Charles Darwin’s experiences during his five-year (1831-36) voyage on the HMS Beagle were instrumental in shaping his theory of evolution. The voyage took Darwin along the coast of South America, where twenty-nine months were spent charting the waters off the Pacific coast. Darwin explored the Andes Mountains and the pampas (plains), and he kept detailed journals in which he carefully observed differences among the South American plants and animals. He gave particular attention to the Galapagos Islands, where he found a remarkable divergence among the same species from different islands.

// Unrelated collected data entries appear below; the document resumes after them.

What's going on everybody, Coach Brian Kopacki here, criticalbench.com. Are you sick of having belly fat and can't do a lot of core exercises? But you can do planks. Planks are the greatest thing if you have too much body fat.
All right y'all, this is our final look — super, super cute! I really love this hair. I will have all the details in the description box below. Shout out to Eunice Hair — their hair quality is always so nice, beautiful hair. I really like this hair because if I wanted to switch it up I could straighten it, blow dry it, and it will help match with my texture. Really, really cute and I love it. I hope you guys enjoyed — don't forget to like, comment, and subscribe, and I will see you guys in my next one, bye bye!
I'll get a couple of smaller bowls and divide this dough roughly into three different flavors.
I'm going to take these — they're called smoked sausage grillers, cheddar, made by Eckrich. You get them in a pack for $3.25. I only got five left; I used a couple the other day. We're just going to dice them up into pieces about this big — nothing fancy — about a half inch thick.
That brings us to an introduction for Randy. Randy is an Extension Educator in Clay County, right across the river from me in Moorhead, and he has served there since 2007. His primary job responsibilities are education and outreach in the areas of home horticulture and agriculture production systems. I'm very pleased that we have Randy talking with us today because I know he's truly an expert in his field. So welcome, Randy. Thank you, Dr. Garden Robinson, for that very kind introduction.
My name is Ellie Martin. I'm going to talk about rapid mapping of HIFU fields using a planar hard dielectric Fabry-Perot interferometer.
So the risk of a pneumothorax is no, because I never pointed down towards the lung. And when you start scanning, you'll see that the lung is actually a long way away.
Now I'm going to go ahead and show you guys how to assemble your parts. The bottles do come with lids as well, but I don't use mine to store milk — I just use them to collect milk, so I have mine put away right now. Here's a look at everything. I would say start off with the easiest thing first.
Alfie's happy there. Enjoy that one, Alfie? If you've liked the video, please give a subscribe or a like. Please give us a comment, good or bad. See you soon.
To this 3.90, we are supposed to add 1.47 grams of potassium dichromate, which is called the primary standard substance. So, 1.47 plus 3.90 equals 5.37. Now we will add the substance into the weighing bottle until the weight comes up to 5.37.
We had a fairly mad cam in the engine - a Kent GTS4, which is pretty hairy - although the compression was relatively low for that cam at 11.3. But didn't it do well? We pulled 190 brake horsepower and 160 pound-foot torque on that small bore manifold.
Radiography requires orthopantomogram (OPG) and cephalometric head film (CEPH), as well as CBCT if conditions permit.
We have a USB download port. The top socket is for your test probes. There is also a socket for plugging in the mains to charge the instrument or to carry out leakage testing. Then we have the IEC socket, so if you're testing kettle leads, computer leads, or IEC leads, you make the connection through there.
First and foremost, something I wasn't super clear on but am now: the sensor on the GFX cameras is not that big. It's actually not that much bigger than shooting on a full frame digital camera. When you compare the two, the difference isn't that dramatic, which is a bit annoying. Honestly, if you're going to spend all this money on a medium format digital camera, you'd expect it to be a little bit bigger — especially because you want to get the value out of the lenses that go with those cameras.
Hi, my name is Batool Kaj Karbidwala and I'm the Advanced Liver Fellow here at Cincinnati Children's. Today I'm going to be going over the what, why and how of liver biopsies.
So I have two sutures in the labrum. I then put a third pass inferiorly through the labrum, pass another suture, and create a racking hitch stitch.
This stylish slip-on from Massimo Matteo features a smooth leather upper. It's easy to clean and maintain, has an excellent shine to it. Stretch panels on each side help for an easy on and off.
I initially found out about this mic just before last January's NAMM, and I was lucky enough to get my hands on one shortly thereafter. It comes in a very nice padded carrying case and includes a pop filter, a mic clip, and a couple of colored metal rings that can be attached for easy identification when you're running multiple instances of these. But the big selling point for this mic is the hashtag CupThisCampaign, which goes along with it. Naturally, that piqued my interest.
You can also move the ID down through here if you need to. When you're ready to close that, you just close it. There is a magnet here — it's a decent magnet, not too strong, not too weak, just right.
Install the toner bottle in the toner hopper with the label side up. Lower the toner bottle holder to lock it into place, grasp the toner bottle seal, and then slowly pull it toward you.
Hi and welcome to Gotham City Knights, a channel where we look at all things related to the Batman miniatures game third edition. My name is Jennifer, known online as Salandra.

Before Darwin began his voyage, he had no reason to doubt the immutability of species, but from his firsthand experiences he gradually began to doubt the creationist view of life. He would later draw upon these extensive field observations to formulate his theory of natural selection. From his travels Darwin drew together vast amounts of scientific evidence to buttress his arguments against scientific and religious challenges. When he returned to England on October 2, 1836, Darwin was an accomplished collector, naturalist and geologist with a new view of the natural history of life.
In 1859, Darwin published On the Origin of Species by Means of Natural Selection. His theory basically said that living things survive only if they can master their habitat; those that are best adapted to a new environment will reproduce and pass on their adaptations. His book, perhaps more profoundly than any other single work, shaped the development of modern biology and, more broadly, the modern view of human nature.
1. Voyage of the Beagle by Charles Darwin, 1839.
2. On the Origin of Species by Means of Natural Selection by Charles Darwin, 1859.
3. Darwin (An Anthology selected and edited by Philip Appleman), 3rd Edition, 2000.
4. What Evolution Is by Ernst Mayr, 2001.